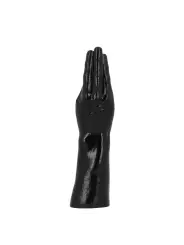PUNHO PARA FISTING ANAL TOYS EXTREME MANIA 27 CM MADE IN ITALY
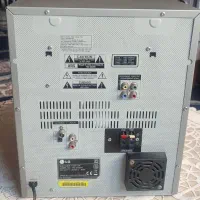 کلگی ضبط الجی فلش خور|سیستم صوتی خانگی|پردیس, فاز ۴|دیوار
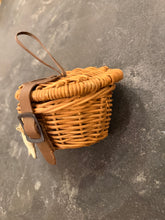 Load image into Gallery viewer, Fishing Creel Ornament
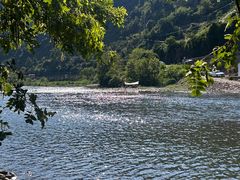 -楠溪江风景名胜区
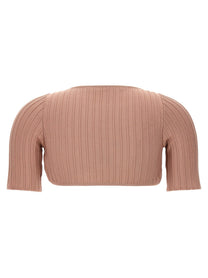 Antonino Valenti Alka Shrugs Beige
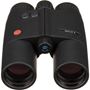 Picture of Leica Sport Optics, Rangefinding Binoculars - Geovid-R 10x42mm, 2000yds (EHR Ballistics out to 1200yds), HDC Multicoating, LED Display, Black, CR2 3V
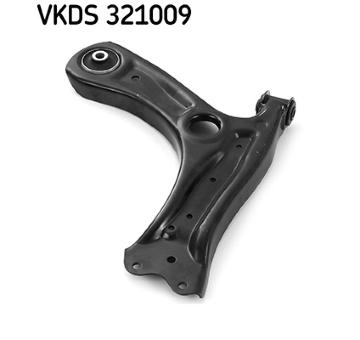 Řídicí páka, zavěšení kol SKF VKDS 321009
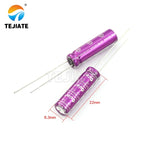 Farad capacitor 3V 1F/3.3F/10F/20/25F/60F reserve power capacitor for driving recorder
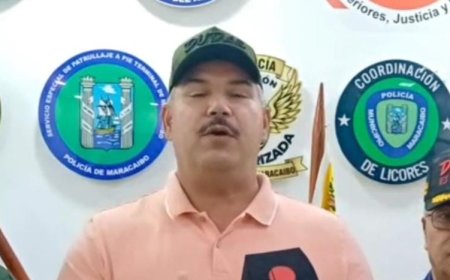 ZULIA: Autoridades buscan desarticular bandas dedicadas a la explotación de menores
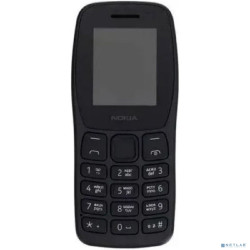 NOKIA 105 TA-1416 DS EAC2+ CHARCOAL (SP01Z07Z1947Y)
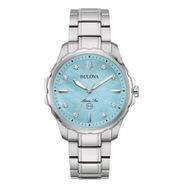 Bulova 96P248 Kadın Kol Saati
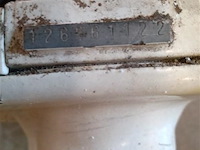 Bosmaaier - afbeelding 5 van  5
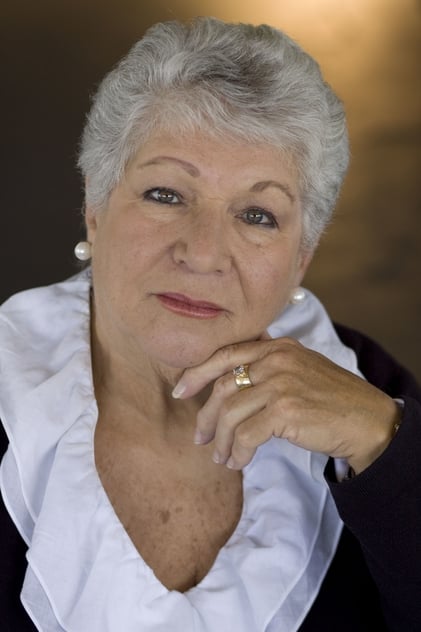 Bryna Weiss Bryna Weiss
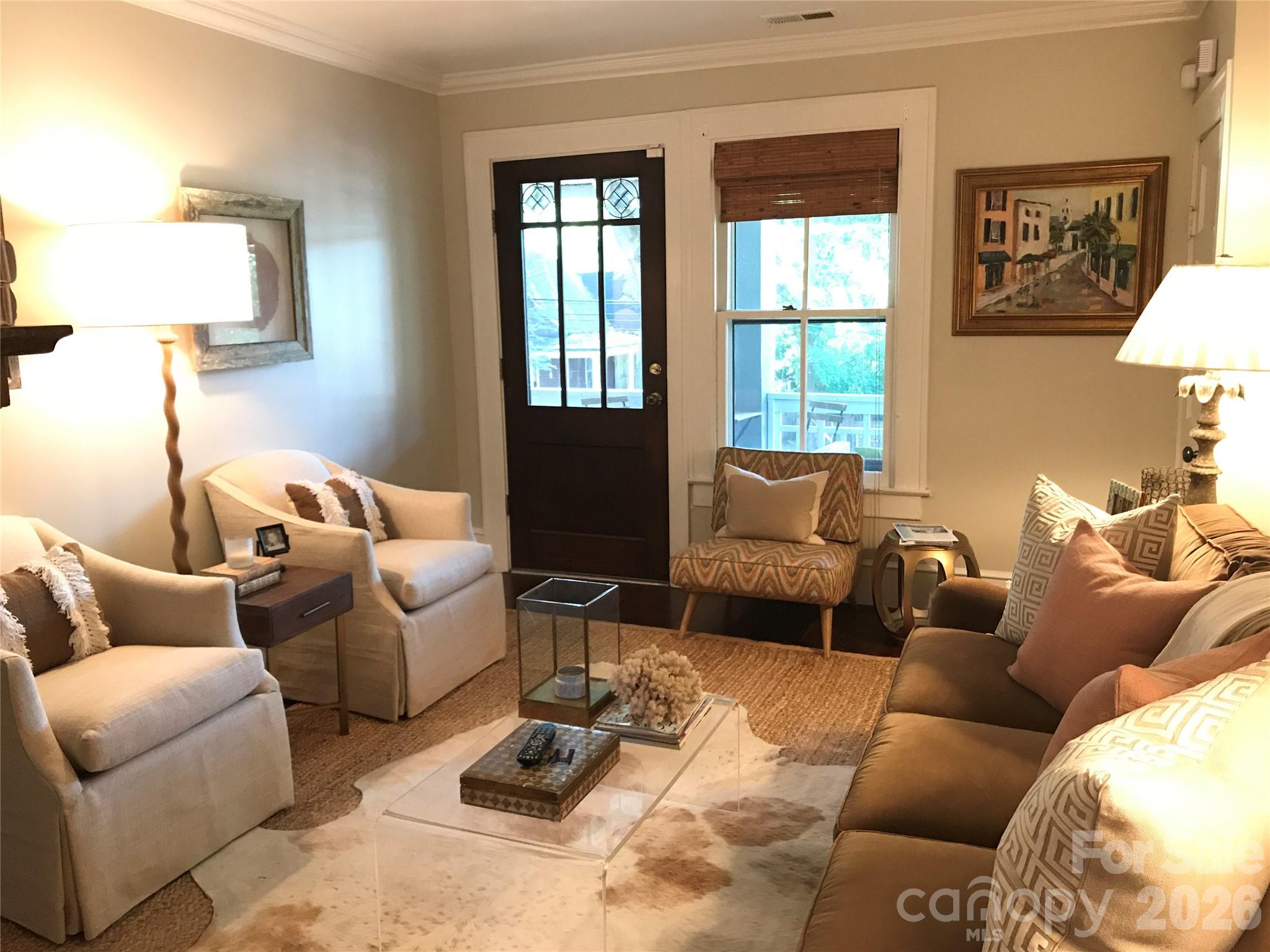 1511 Cleveland Avenue Charlotte NC 28203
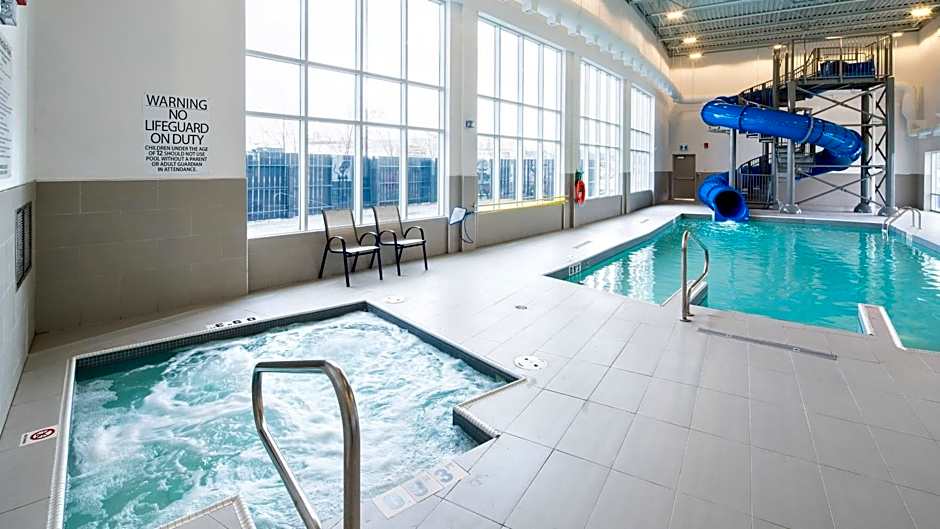 Staybridge Suites By Holiday Inn Red Deer North By IHG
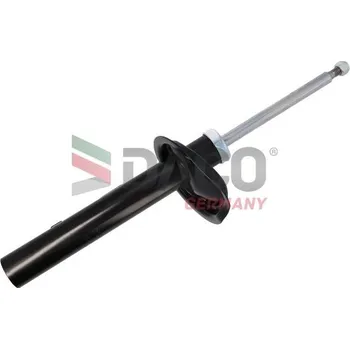 Tlumič pérování DACO 452801R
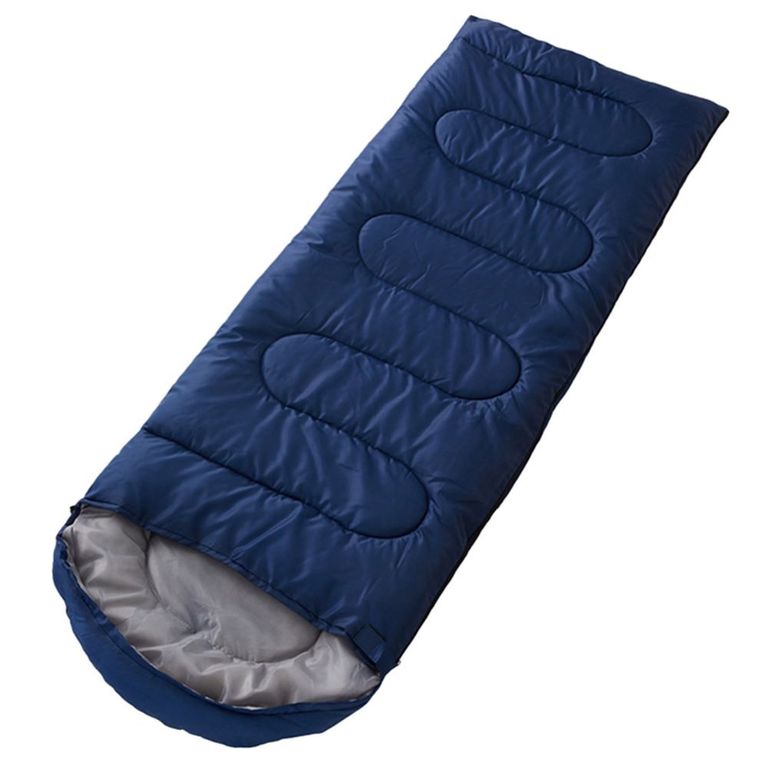 Bolsa de dormir Sleeping para camping 200gr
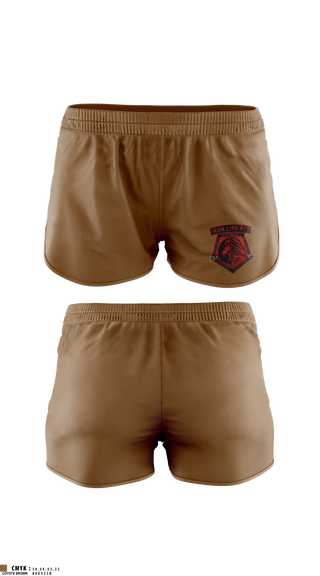Ranger Panties, 35th CSB H2F, Army, Teamtime, Team time, sublimation, custom sports apparel, team uniforms, spirit wear, spiritwear, sports uniforms, custom shirts, team store, custom team store, fundraiser sports, apparel fundraiser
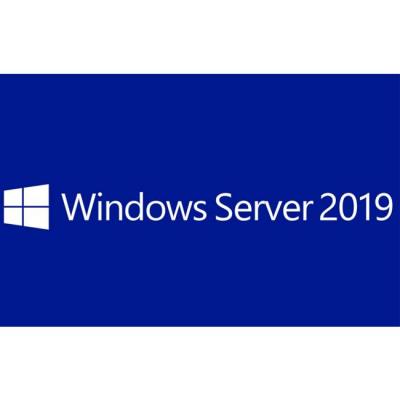 Софтуер lenovo windows server 2019 standard rok (16 core) - multilang, 7s050015ww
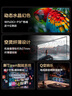 三星（SAMSUNG）75DU8000C 75英寸 平板液晶AI電視 超薄4K AI智能補(bǔ)幀 無開機(jī)廣告 UA75DU8000CXXZ【國家補(bǔ)貼】 曬單實(shí)拍圖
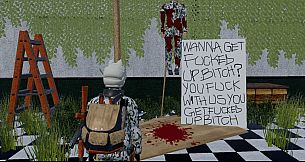 Lucky Pikinini - Super Incursion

— Task details —
Return the material exactly as written, except for any pictures it holds.

— Expected answer —
PUNHO PARA FISTING ANAL TOYS EXTREME MANIA 27 CM MADE IN ITALY
 کلگی ضبط الجی فلش خور|سیستم صوتی خانگی|پردیس, فاز ۴|دیوار
 Load image into Gallery viewer, Fishing Creel Ornament
 -楠溪江风景名胜区
 Antonino Valenti Alka Shrugs Beige
 Picture of Leica Sport Optics, Rangefinding Binoculars - Geovid-R 10x42mm, 2000yds (EHR Ballistics out to 1200yds), HDC Multicoating, LED Display, Black, CR2 3V
 Řídicí páka, zavěšení kol SKF VKDS 321009
 Farad capacitor 3V 1F/3.3F/10F/20/25F/60F reserve power capacitor for driving recorder
 ZULIA: Autoridades buscan desarticular bandas dedicadas a la explotación de menores
 NOKIA 105 TA-1416 DS EAC2+ CHARCOAL (SP01Z07Z1947Y)
 Bulova 96P248 Kadın Kol Saati
 Bosmaaier - afbeelding 5 van  5
 Bryna Weiss Bryna Weiss
 1511 Cleveland Avenue Charlotte NC 28203
 Staybridge Suites By Holiday Inn Red Deer North By IHG
 Tlumič pérování DACO 452801R
 Bolsa de dormir Sleeping para camping 200gr
Ranger Panties, 35th CSB H2F, Army, Teamtime, Team time, sublimation, custom sports apparel, team uniforms, spirit wear, spiritwear, sports uniforms, custom shirts, team store, custom team store, fundraiser sports, apparel fundraiser
 Софтуер lenovo windows server 2019 standard rok (16 core) - multilang, 7s050015ww
 三星（SAMSUNG）75DU8000C 75英寸 平板液晶AI電視 超薄4K AI智能補(bǔ)幀 無開機(jī)廣告 UA75DU8000CXXZ【國家補(bǔ)貼】 曬單實(shí)拍圖
 Lucky Pikinini - Super Incursion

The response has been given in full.